A worker at PPC Cement in Cleveland, Johannesburg. File picture: Supplied
JOHANNESBURG - PPC, the listed cement and lime producer, improved its liquidity position by rescheduling the debt related to its new cement factory in the Democratic Republic of the Congo.

In tandem with this, PPC secured a two-year capital repayment moratorium.

The company said on Friday this meant the total capital requirements for PPC Barnet DRC would be limited to interest payments from this month up to January 2020.

PPC owns 69 percent of PPC Barnet DRC, with its local partner, Barnet Group, owning 21 percent, while the International Finance Corporation (IFC) owns 10 percent.

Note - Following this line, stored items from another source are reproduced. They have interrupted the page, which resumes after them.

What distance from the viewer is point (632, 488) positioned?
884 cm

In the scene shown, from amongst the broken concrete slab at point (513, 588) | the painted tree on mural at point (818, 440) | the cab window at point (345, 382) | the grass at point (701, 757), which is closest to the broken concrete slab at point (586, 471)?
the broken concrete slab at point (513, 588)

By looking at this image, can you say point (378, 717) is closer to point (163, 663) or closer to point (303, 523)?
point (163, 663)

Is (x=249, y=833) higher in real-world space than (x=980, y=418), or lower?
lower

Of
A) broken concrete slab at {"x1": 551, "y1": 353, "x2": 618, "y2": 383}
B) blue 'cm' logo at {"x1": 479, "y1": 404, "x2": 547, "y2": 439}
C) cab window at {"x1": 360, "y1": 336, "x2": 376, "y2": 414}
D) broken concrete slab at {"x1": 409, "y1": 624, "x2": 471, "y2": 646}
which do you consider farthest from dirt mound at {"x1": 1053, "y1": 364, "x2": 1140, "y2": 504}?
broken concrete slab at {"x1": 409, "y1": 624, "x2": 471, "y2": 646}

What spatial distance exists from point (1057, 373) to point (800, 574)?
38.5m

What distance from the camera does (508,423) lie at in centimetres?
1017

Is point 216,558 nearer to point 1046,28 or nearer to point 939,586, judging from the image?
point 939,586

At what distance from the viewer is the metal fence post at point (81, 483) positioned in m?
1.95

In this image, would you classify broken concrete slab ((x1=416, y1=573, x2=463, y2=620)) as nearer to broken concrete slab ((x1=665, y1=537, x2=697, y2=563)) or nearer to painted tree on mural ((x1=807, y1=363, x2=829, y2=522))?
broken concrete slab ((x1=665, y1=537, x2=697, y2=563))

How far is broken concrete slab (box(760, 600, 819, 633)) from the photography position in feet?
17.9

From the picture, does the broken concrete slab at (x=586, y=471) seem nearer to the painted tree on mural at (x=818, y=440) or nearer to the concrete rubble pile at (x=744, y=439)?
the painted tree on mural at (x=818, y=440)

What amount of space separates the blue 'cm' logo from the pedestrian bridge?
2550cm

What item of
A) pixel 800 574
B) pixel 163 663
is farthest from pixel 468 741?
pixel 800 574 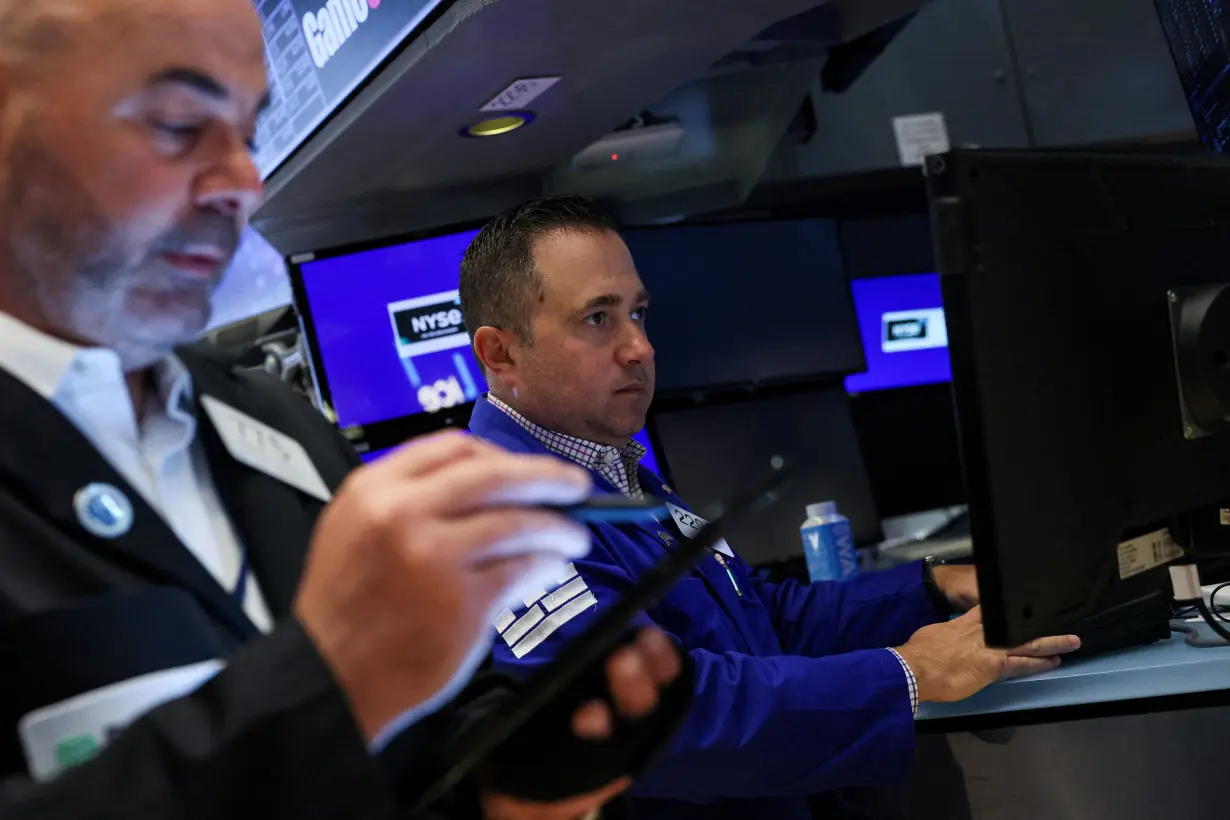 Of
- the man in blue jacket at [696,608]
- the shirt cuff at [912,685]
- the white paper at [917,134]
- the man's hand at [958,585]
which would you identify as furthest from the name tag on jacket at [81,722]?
the white paper at [917,134]

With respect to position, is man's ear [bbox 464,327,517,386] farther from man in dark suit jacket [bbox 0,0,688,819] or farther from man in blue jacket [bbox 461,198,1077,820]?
man in dark suit jacket [bbox 0,0,688,819]

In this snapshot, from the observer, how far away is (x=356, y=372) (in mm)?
2855

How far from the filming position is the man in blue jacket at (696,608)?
1462 millimetres

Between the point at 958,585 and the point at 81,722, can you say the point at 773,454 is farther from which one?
the point at 81,722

The new 1 million-tons-a-year cement plant near Kimpese in the Kongo Central Province in the DRC cost about $300 million to build and was 60 percent project-debt-funded by the IFC and Eastern and Southern African Trade and Development Bank (TDB).

Tryphosa Ramano, the chief financial officer of PPC, said the rescheduling of the group's debt in the DRC was a major achievement in handling PPC’s capital structure.

“The rescheduling of debt firstly reduces the capital requirements by PPC Barnet DRC from PPC. Second, it will improve cash flows for the DRC business, which will allow the business additional liquidity during this ramp up-phase.”

Johan Claassen, the interim chief executive, said in November the DRC plant had been completed and was being tested and commissioned.

Shares in PPC rose 2.32 percent on the JSE on Friday to close at R7.93.